INSTRUCTIONS TO FOLLOW: Please return every line below that contains the string "Used".

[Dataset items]
+++
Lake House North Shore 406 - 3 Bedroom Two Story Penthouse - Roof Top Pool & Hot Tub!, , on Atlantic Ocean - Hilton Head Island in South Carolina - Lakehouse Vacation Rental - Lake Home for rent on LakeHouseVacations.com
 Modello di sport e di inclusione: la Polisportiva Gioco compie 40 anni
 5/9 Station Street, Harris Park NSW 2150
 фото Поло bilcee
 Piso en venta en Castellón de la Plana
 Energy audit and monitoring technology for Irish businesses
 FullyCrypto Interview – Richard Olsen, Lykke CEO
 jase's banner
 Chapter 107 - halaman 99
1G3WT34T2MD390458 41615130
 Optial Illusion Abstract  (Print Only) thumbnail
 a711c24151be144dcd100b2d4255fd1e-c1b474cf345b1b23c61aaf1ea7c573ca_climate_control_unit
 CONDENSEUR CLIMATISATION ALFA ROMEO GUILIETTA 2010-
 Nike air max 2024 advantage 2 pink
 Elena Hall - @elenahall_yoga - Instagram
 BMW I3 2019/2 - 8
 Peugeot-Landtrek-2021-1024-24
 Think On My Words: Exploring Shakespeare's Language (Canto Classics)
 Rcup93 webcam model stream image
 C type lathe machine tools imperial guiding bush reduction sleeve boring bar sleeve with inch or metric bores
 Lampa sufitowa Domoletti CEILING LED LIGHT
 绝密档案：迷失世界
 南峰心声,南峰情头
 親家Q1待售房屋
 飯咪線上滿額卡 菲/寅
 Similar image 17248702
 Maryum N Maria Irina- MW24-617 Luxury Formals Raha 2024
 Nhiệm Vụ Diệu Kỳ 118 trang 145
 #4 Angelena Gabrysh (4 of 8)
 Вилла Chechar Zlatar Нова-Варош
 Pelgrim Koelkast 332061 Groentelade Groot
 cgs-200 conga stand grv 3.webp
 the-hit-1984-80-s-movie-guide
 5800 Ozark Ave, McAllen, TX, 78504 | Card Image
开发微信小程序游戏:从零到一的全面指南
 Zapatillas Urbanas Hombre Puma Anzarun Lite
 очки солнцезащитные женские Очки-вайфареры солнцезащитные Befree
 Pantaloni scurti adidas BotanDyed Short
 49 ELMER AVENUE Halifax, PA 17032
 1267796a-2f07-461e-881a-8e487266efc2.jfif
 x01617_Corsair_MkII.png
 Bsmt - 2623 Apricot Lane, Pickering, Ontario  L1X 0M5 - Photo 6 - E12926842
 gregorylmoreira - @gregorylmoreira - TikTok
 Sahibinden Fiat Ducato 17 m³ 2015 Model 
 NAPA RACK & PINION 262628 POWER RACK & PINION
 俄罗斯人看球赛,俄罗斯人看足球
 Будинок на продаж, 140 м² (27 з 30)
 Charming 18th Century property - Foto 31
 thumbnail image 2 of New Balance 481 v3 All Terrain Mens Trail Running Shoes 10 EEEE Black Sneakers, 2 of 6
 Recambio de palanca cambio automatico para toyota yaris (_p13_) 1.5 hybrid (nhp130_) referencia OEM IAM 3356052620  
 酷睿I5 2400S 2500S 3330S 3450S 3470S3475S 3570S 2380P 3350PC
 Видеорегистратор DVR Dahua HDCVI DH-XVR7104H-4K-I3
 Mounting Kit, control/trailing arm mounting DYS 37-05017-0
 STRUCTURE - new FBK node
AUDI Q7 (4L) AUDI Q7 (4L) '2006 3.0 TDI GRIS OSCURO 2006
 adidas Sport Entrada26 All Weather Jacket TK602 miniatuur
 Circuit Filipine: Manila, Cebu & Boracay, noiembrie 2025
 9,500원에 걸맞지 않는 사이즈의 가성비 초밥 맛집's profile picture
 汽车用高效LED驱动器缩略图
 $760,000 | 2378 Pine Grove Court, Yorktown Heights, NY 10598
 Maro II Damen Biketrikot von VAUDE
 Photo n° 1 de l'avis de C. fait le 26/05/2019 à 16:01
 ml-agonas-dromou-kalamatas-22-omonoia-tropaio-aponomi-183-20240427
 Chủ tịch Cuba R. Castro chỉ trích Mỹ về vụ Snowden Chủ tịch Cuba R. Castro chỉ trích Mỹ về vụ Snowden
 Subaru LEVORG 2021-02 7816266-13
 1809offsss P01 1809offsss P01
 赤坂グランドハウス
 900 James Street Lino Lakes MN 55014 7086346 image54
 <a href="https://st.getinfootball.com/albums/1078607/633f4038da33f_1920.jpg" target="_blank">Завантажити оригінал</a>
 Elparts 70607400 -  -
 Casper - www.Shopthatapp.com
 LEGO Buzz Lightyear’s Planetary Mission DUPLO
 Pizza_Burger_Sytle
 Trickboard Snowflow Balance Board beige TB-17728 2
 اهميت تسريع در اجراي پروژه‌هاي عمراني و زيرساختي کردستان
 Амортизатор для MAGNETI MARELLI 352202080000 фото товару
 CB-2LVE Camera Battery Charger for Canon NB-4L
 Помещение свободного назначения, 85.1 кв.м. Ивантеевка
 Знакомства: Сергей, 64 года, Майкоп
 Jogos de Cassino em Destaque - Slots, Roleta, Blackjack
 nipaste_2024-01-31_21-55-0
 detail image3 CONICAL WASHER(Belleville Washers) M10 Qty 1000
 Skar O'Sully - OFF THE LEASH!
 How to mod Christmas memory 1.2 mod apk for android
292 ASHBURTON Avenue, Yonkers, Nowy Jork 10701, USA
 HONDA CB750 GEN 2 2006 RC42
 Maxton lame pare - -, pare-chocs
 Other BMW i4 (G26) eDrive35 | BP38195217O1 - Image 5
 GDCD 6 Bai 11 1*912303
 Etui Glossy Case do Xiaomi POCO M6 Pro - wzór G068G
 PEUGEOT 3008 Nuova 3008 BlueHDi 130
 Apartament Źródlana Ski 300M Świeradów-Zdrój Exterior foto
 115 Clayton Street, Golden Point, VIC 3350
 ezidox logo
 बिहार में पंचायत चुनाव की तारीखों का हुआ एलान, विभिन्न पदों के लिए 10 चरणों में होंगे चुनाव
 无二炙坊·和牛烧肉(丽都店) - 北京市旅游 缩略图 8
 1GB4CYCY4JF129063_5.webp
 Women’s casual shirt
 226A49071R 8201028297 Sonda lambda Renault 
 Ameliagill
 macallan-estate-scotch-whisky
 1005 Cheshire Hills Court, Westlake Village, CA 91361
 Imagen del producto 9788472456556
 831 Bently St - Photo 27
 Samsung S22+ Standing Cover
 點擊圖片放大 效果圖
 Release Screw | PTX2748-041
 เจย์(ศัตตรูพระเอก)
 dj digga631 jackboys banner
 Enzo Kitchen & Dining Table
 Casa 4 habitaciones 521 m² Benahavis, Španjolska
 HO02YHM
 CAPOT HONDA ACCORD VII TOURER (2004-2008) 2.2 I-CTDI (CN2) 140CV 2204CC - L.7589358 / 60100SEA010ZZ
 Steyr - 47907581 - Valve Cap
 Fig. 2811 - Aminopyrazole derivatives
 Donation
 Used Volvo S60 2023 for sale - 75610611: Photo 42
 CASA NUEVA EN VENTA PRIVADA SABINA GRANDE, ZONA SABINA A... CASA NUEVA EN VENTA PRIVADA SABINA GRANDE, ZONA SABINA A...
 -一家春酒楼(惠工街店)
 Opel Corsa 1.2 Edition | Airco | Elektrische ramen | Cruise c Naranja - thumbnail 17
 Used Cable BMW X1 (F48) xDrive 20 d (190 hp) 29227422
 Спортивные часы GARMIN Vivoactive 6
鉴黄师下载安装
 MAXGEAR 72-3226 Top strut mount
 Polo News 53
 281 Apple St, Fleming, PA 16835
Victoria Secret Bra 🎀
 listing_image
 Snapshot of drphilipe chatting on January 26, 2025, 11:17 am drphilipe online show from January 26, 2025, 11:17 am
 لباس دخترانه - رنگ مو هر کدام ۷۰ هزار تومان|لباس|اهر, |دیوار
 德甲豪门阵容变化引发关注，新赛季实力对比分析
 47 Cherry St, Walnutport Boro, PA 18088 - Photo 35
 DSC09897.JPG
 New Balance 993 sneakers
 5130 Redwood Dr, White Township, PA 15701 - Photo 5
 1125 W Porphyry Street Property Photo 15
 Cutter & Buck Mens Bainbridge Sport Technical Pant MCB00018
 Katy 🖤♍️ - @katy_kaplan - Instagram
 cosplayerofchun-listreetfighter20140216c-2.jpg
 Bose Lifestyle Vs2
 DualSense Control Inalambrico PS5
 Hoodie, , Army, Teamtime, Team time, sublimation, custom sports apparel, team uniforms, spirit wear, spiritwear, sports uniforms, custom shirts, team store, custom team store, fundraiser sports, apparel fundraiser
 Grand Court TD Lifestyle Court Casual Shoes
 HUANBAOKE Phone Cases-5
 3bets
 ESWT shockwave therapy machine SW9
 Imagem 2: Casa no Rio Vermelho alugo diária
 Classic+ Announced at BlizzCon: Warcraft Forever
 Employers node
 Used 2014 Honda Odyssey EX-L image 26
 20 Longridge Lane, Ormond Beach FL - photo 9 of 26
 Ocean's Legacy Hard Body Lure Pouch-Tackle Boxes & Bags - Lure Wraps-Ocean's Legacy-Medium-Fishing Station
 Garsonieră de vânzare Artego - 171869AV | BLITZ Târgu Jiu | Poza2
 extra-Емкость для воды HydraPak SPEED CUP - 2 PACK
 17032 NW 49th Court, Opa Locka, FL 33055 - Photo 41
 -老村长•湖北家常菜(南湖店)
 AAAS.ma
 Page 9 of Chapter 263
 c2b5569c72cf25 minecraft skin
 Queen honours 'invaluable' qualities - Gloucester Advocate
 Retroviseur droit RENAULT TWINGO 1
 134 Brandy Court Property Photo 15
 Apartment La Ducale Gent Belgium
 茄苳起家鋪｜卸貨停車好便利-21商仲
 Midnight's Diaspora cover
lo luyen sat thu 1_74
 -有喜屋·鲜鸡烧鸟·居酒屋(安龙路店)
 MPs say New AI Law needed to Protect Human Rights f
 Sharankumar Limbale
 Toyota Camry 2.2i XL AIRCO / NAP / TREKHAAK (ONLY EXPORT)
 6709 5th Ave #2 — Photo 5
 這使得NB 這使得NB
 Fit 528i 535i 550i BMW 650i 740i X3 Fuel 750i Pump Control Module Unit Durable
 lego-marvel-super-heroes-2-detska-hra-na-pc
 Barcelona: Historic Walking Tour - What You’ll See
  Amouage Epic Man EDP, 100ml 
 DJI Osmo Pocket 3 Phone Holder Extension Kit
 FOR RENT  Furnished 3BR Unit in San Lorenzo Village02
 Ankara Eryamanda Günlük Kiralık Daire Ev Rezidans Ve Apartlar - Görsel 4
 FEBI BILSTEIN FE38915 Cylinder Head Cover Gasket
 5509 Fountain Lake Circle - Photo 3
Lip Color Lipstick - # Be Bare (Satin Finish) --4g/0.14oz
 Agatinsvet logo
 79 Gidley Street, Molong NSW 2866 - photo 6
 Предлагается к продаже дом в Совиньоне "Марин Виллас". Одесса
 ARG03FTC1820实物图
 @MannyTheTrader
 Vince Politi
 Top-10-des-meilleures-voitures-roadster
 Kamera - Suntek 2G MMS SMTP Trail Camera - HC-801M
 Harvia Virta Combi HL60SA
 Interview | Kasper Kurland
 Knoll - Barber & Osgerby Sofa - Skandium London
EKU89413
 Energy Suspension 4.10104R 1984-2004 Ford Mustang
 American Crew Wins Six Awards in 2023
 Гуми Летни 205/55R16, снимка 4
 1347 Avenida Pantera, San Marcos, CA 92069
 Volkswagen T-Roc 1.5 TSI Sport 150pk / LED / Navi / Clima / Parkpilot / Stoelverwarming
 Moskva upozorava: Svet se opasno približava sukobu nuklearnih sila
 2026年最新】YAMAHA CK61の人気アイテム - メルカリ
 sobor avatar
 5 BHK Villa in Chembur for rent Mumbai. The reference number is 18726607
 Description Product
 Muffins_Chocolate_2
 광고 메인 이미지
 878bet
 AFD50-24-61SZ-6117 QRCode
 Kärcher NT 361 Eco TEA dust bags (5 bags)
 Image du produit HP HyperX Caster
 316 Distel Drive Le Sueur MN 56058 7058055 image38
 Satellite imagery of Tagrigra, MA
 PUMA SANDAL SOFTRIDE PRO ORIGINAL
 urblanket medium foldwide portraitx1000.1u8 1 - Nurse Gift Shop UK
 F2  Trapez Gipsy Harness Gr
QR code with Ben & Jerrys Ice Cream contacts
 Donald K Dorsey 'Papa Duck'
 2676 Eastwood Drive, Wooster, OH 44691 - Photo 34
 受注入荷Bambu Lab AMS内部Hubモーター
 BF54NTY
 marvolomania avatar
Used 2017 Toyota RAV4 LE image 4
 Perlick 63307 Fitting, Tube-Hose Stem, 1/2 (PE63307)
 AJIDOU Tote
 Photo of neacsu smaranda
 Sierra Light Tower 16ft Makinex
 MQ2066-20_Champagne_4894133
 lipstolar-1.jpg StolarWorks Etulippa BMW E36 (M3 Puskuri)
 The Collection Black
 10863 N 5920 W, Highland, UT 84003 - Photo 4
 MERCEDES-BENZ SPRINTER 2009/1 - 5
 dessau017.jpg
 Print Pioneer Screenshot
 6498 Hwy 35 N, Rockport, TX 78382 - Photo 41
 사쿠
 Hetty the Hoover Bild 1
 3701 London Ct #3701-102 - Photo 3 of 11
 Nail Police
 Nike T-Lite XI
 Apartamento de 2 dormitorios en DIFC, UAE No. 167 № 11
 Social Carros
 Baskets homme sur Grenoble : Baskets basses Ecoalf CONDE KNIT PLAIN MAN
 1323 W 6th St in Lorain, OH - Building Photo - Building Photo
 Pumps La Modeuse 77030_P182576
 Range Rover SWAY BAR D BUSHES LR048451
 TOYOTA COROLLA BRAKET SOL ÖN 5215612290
+++
RESPONSE TO THIS TASK:
 Used Volvo S60 2023 for sale - 75610611: Photo 42
 Used Cable BMW X1 (F48) xDrive 20 d (190 hp) 29227422
 Used 2014 Honda Odyssey EX-L image 26
Used 2017 Toyota RAV4 LE image 4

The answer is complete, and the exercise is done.